Because I almost failed kindergarten, I become a
teacher. Now those seem unlikely dots to
connect but they do.
We were learning colors. The teacher placed a series of
color posters over the top of the chalkboard. The teacher went around the room
asking her pupils what the color was. She pointed. I shrugged my shoulders. She
pointed to the next one. I shrugged again. She pointed to a third poster. I
shrugged again.
The teacher called home and told my mother what happened.
And that’s when my life took a turn. I did not know the names of colors because
no one taught me. Se we sat at the kitchen table, me almost in tears as mom
drilled me on colors. And she was not very kind about it either. She couldn’t believe that I didn’t know
colors. As her frustration increased, my
fear of failure increased, and I cried.

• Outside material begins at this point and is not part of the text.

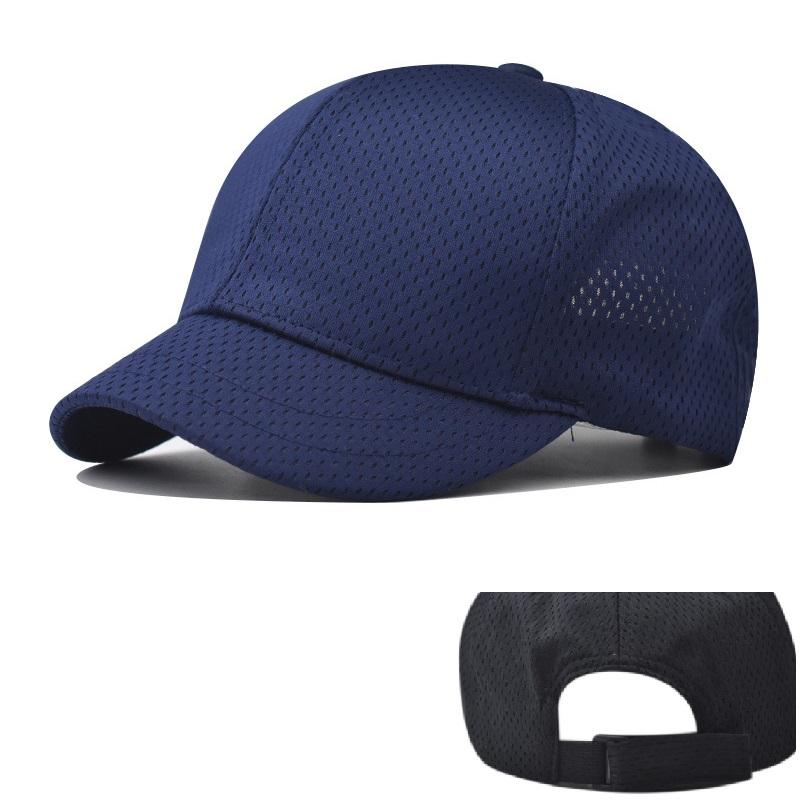K-pop Fashion Short Bill Hat for Men and Women, Quick Dry Brim Hat, Mesh Back Trucker Baseball Dad Cap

I was 5. Yeah, my education career was
off to a good start.
I didn’t know it then and it took a long time for me to
realize what had happened. Mom had never taught me those colors and she really
didn’t actively teach us much of anything. She just expected that kids would
know things. She was not a good teacher. I could never rely upon her for help
with homework.
Lots of things are like that. We have an expectation that
people know certain things. If they don’t know we may express surprise, anger,
or frustration. It happens, albeit not often, that we take the time to
instruct.
Somehow I passed kindergarten. I still don’t know why or
how. I remember the color blindness test that I took sometime later - and, yes,
I am a bit color blind, but it wouldn’t be enough to keep me out of, say, the
military or get in the way at a paint store. I mean I liked the pretzel rods,
milk, and nap time of kindergarten, but I also remember that I was not eager to
return to school.
I am also left handed so it was not easy to learn to write.
Teachers tried to make me right-handed. It didn’t feel natural. So I had to
figure out how to hold the pencil and make the motions - without smearing the
page. I was never quite successful in that realm. I now call it hand-lefting because it is not
easy to decipher. But that joke masks a sad truth.
I remember when words started to make sense and that I could
finally decode printed words. I felt
powerful like my comic book hero, Superman. I read everything. I finally felt
like I was in charge of my learning.
I wanted to know - not just facts but techniques. I didn’t
want to know the what but I also wanted to know the why and how. My teachers
were often overwhelmed with work and didn’t have time to take a shy kid aside
to help. So I had to figure out how to teach myself.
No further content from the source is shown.